2. Goals / Non-goals¶

Goals - Fan a request out to N backends in parallel under a single shared deadline propagated via context, and aggregate the results (merge/rank/dedup). - Make the end-to-end p99 decouple from the worst backend's p99 using mitigations: hedged/backup requests, tied requests, and (n-k)-of-n partial results. - Define and enforce partial-result semantics: when the deadline fires, return what you have, labelled with a completeness percentage — never hang. - Bound the fan-out (backpressure) so a flood of inbound requests can't multiply into a backend-killing storm. - Quantify the tail-amplification math and the latency-vs-extra-load trade-off of hedging.

Non-goals - Building the shard backends themselves — they're stubs with injectable latency distributions. The interesting code is the coordinator. - Consensus / leader election — branches are independent, no coordination among them (that's 01/02). - Streaming joins or stateful windowing — this is request/response fan-out, not a pipeline (that's 05-fan-out-fan-in).
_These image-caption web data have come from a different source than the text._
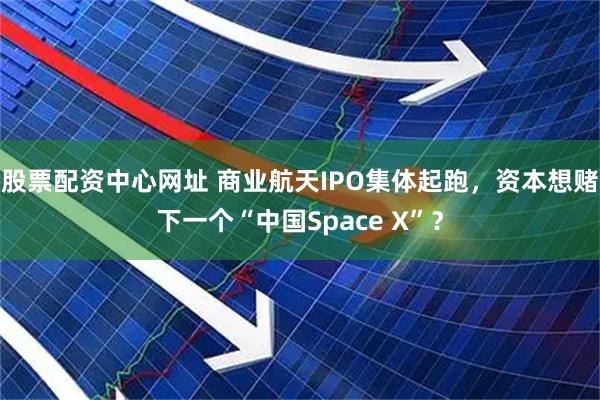 股票配资中心网址 商业航天IPO集体起跑，资本想赌下一个“中国Space X”？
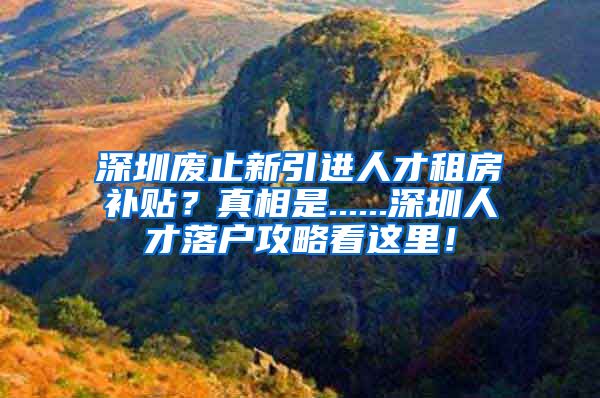 深圳废止新引进人才租房补贴？真相是......深圳人才落户攻略看这里！
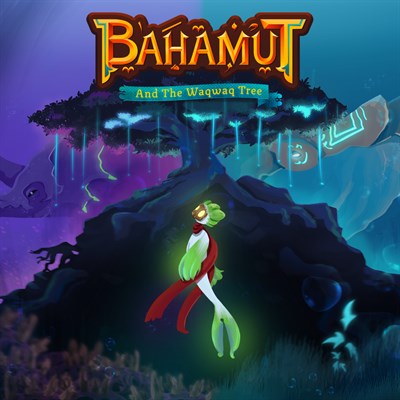 BAHAMUT AND THE WAQWAQ TREE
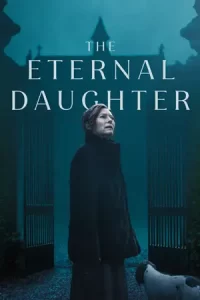 The Eternal Daughter (2022)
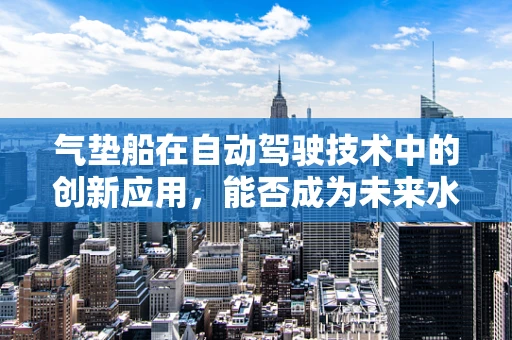 气垫船在自动驾驶技术中的创新应用，能否成为未来水上交通的‘飞行者’？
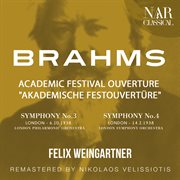Brahms: academic festival ouverture "akademische festouvertüre" - symphony no.3 - symphony no.4 cover image
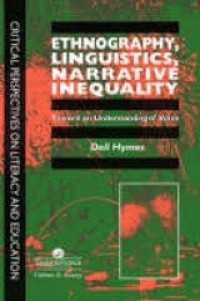 Ethnography, Linguistics, Narrative Inequality: Toward an Understanding of Voice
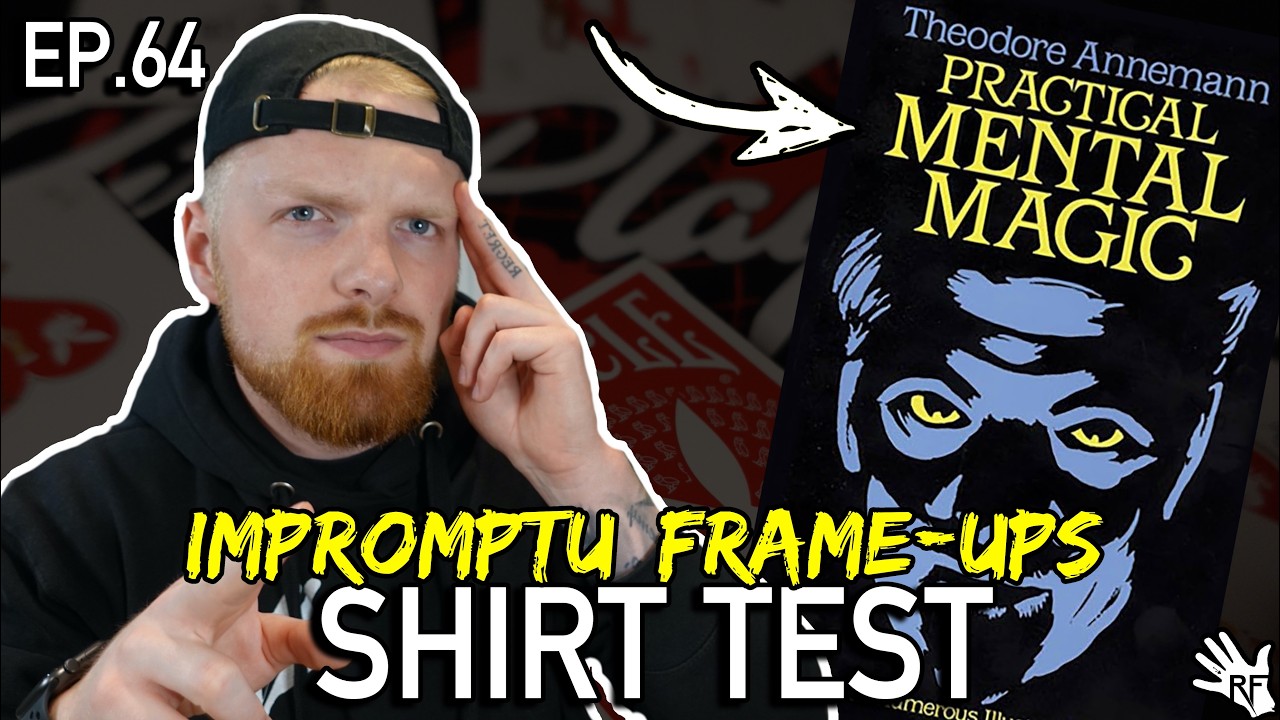 Shirt Test (Impromptu Frame-Ups) | Practical Mental Magic EP.64
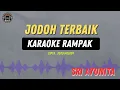 Download Lagu JODOH TERBAIK - ( KARAOKE RAMPAK ) Sri Ayunita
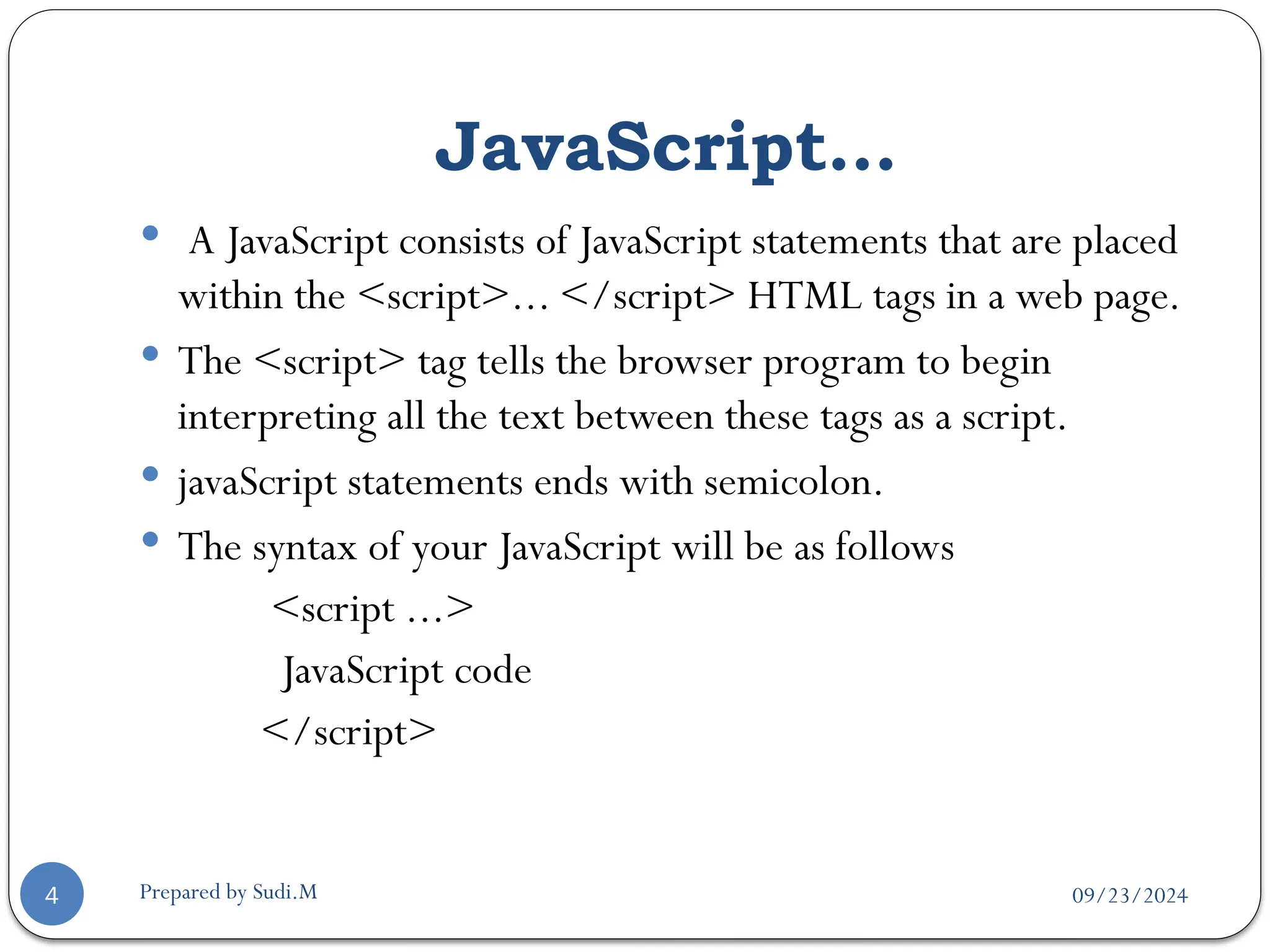 09/23/2024
Prepared by Sudi.M
JavaScript…
4
 A JavaScript consists of JavaScript statements that are placed
within the <script>... </script> HTML tags in a web page.
 The <script> tag tells the browser program to begin
interpreting all the text between these tags as a script.
 javaScript statements ends with semicolon.
 The syntax of your JavaScript will be as follows
<script ...>
JavaScript code
</script>
 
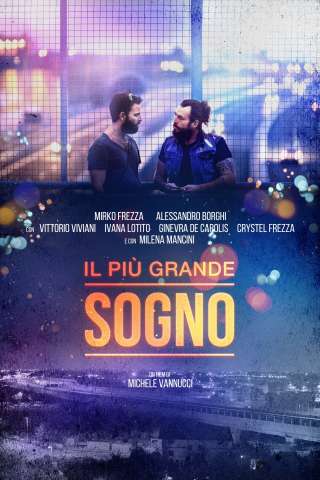 Il più grande sogno [HD] (2016)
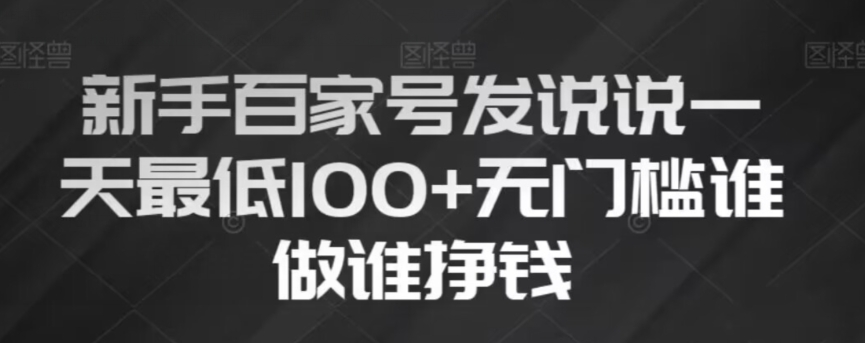 新手百家号发说说,无脑复制粘贴文案,一天最低100+,无门槛谁做谁挣钱【揭秘】|淘骐网赚资源库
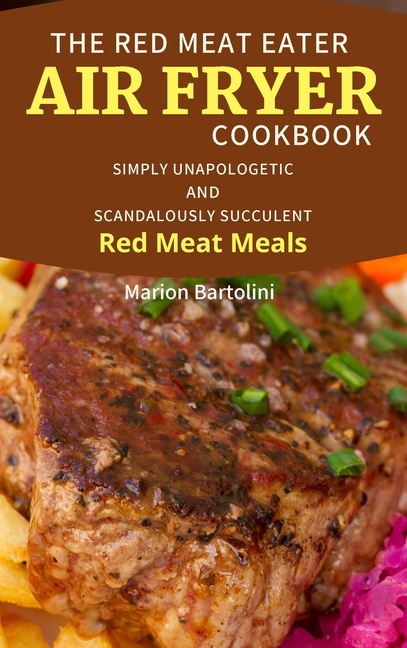 The Red Meat Eater Air Fryer Cookbook: Simply Unapologetic and Scandalously Succulent Red Meat Meals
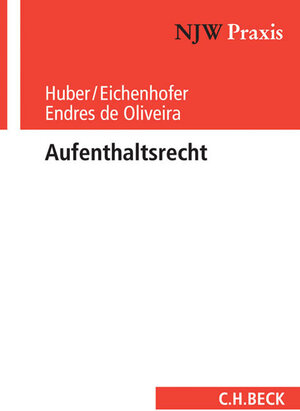 Buchcover Aufenthaltsrecht | Bertold Huber | EAN 9783406695506 | ISBN 3-406-69550-7 | ISBN 978-3-406-69550-6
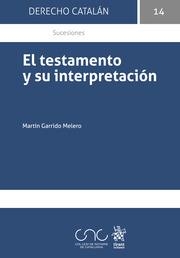 TESTAMENTO Y SU INTERPRETACIÓN, EL | 9788413782126 | GARRIDO MELERO, MARTÍN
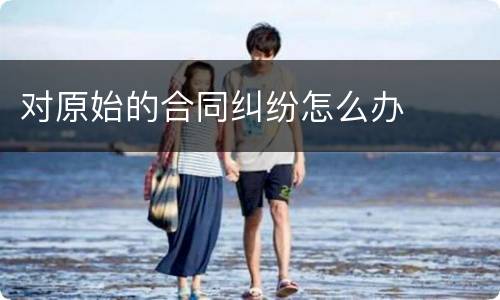 对原始的合同纠纷怎么办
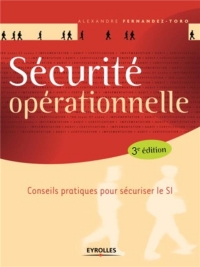 Sécurité opérationnelle - 3e ed.: Intégration à l'ISO 27001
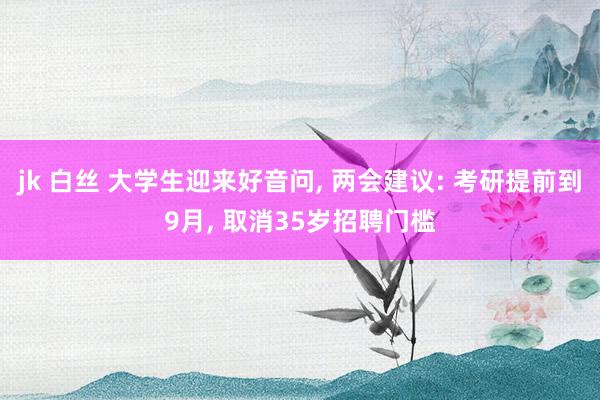 jk 白丝 大学生迎来好音问， 两会建议: 考研提前到9月， 取消35岁招聘门槛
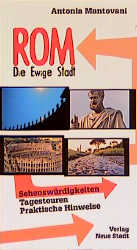 Rom - Die Ewige Stadt - Antonia Mantovani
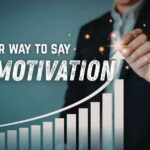 another way to say Self Motivation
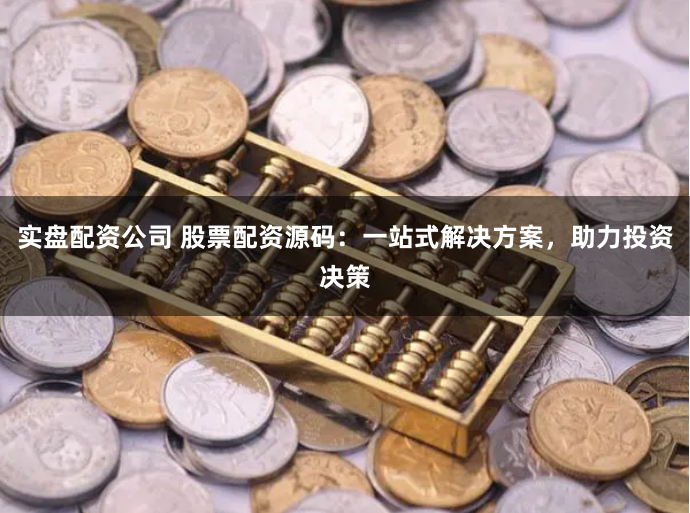 实盘配资公司 股票配资源码：一站式解决方案，助力投资决策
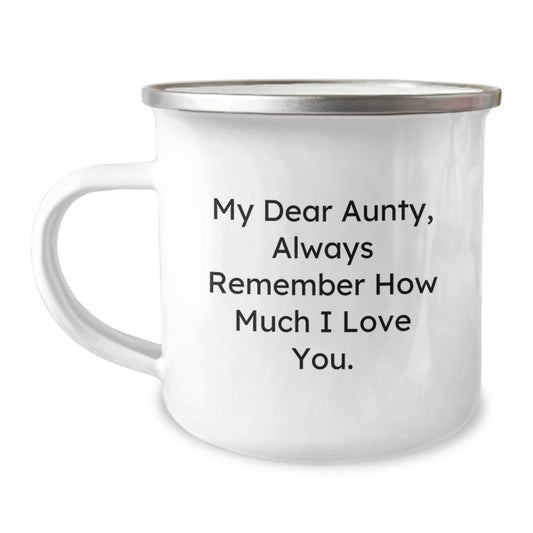 Funny Aunty Quotes Gifts from Men, Women, or Friends for Aunty's Birthday Unique Camping Mug, 'My Dear Aunty, Always Remember How Much I Love You.,' Stainless Steel with Enamel Finish - The Buy Boom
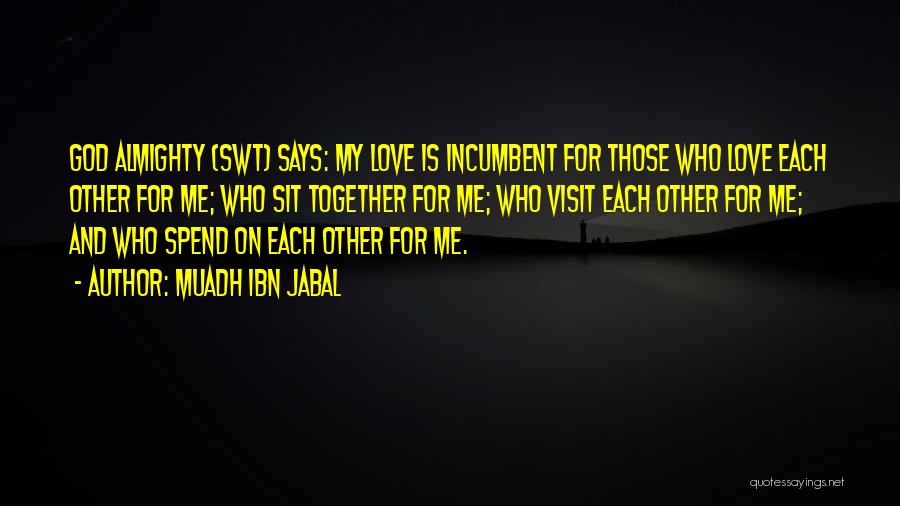 Muadh Ibn Jabal Quotes: God Almighty (swt) Says: My Love Is Incumbent For Those Who Love Each Other For Me; Who Sit Together For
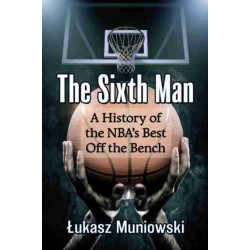 The Sixth Man: A History of the NBA's Best Off the Bench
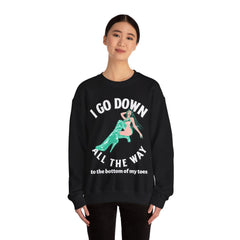 I Go Down All The Way To The Bottom Of My Toes - Sweatshirt - Witty Twisters Fashions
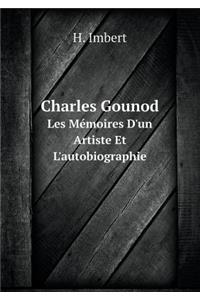 Charles Gounod Les Mémoires d'Un Artiste Et l'Autobiographie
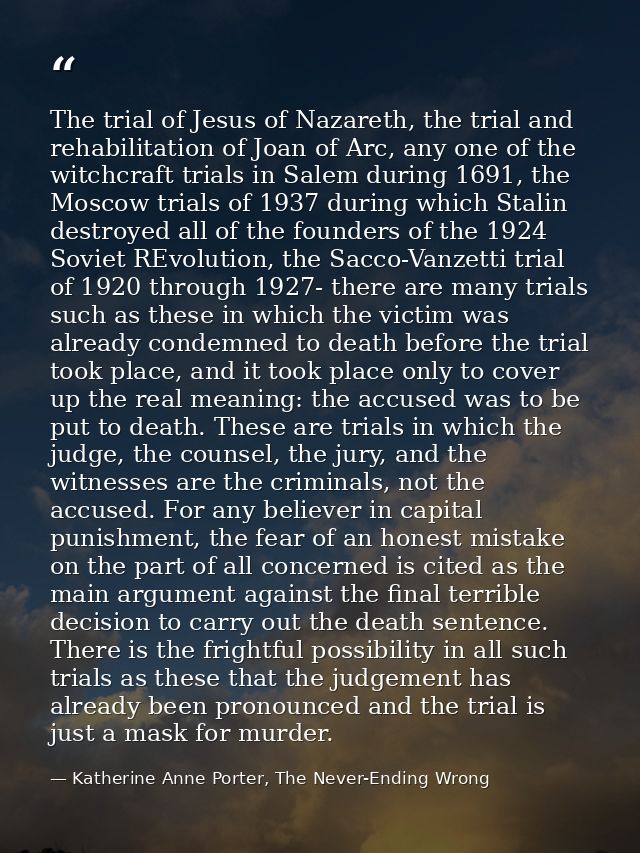 The trial of Jesus of Nazareth, the trial and rehabilitation of Joan of Arc, any one of the witchcraft trials in Salem d — Katherine Anne Porter, The Never-Ending Wrong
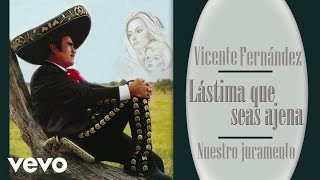 Vicente Fernández  Nuestro Juramento Cover Audio [upl. by Artaed]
3. Functional requirements¶

A gateway (cmd/gateway) accepts an inbound query, fans it out to the configured set of backends, aggregates, and returns within a deadline.
Shared deadline: the inbound request carries (or is assigned) a budget; every outbound branch derives its context from it via context.WithDeadline. When the budget is spent, all in-flight branches are cancelled — no orphaned goroutines, no leaked connections.
Aggregation is pluggable: at minimum a top-k merge (k-way merge of per-shard sorted hits, dedup by doc id, global re-rank) and a numeric reduce (min price across suppliers). State the merge cost.
Completeness modes, switchable by flag:
all-of-n — require every branch; slowest branch sets latency (baseline).
k-of-n — succeed when k of n branches return; the rest are dropped at the deadline, response is labelled partial.
hedged — after a per-request hedge delay (e.g. p95 of a branch), send a backup copy of any still-outstanding branch to a second replica; take the first to answer; cancel the loser.
A backend stub (cmd/backend) serves a branch with an injectable latency distribution (fixed, normal, bimodal, or "one host is a straggler") and an injectable error/timeout rate.
A chaos hook can mark a backend slow (add fixed latency) or dead (drop/refuse) mid-run.
Every response reports: completeness (% of branches included), branches_ok, branches_hedged, branches_timed_out, and the as_of deadline used.

4. Load & data profile¶

Fan-out width: test at N = 4, 16, 64, 256 backends. The tail story is invisible at 4 and dominant at 256 — that's the point.
Per-backend latency: baseline log-normal with p50 = 20 ms, p99 = 200 ms (a realistic 10× tail). One backend is the straggler: p50 = 20 ms but a 5% chance of a 1 s stall (background GC/merge model).
Dataset (for the search variant): a sharded corpus of ≥ 200M documents across the shards, each shard returns its local top-50; the gateway merges to a global top-20. Big enough that the merge cost (sort/dedup of N × 50 hits) is measurable at N = 256.
Inbound traffic: open-model driver (fixed arrival rate, not closed-loop), sweeping 100 → 5k → 20k QPS. Open model is mandatory: hedging changes offered load, and a closed loop hides that.
Generator: cmd/gen is deterministic given a seed (latency draws, doc ids, query terms) so a run is reproducible.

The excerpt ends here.